Reduce Obsessions with Mindfulness
By John M. de Castro, Ph.D.
“mindfulness may be very beneficial for those of us who struggle with obsessive impulses, not just because it makes us more aware of them, but also because it enables our brains to deal with them better, in the same way that exercising makes our muscles stronger and more able to deal with stresses and strains.” – Mindfulness Project
Obsessive-Compulsive Disorder (OCD) sufferer have repetitive anxiety producing intrusive thoughts (obsessions) that result in repetitive behaviors to reduce the anxiety (compulsions). In a typical example of OCD, the individual is concerned about germs and is unable to control the anxiety that these thoughts produce. Their solution is to engage in ritualized behaviors, such as repetitive cleaning or hand washing that for a short time relieves the anxiety. The obsessions and compulsions can become so frequent that they become a dominant theme in their lives. Hence OCD drastically reduces the quality of life and happiness of the sufferer and those around them. At any point in time about 1% of the U.S. population suffers from OCD and about 2% of the population, 3.3 million people, are affected at some time in their life. Hence, the problem is widespread and there is a need for effective treatments.
OCD is often treated with drugs, but these are not always effective and relapse is common. In addition, the drugs can produce significant side effects. Cognitive Behavioral Therapy (CBT) has been shown to be effective in overcoming the symptoms of OCD. However, in many cases obsessions occur without overt compulsive behaviors and it is not known if CBT is effective for this subgroup. Mindfulness training has also been shown to be effective in treating OCD. So, the combination of Cognitive Behavioral Therapy (CBT) with mindfulness training Mindfulness-Based Cognitive Therapy (MBCT) may be especially effective.
In today’s Research News article “Efficacy of mindfulness-integrated cognitive behavior therapy in patients with predominant obsessions.” See summary below or view the full text of the study at:
Kumar and colleagues examined the effectiveness of combined mindfulness training and CBT on patients suffering from OCD with obsessive thoughts only. They recruited OCD patients diagnosed with obsessions only and treated them with Mindfulness-Based Cognitive Therapy (MBCT) tailored specifically for obsessions. It was delivered in 12-16 weeks of once a week, 90-minute sessions. The participants were also assigned homework. They were measured before treatment, mid-treatment, after treatment, and at 3-month follow-up on measures of obsessions, obsessive-compulsive severity, insight, global severity of illness, depression, anxiety, socio-occupational functioning, and quality of life.
They found that at the completion of treatment and at the 3-month follow-up there were significant reductions in obsessions, severity of illness, disability, depression, and anxiety and a significant improvement in the quality of life. Two thirds of the patients achieved clinical remissions. Hence, the MBCT treatment effectively improved the symptoms of OCD sufferers with only obsessions to a clinically significant extent. This was, however, an open label trial without a control group. As such, the conclusions must be tempered with the understanding that a number of alternative interpretations, including placebo effects, attentional effects, experimenter bias, etc. are also viable explanations.
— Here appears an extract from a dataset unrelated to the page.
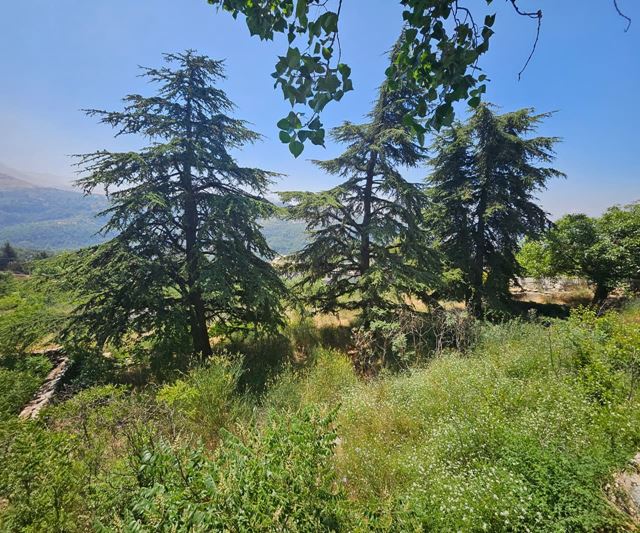 Land with a mountain view for sale in Kfarzebian, Keserwan - photo 3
Cognitive Behavioral Therapy (CBT) is targeted at altering aberrant thought processes which is the nature of obsessions. So, its effectiveness would seem predictable. By including mindfulness training, however, the effectiveness may be potentiated by adding increased non-judgmental awareness of the present moment. So, the patients are more aware of their thoughts and feelings in real time and also recognize the defective thought processes leading to them. This makes them better able to counteract and overcome obsessions.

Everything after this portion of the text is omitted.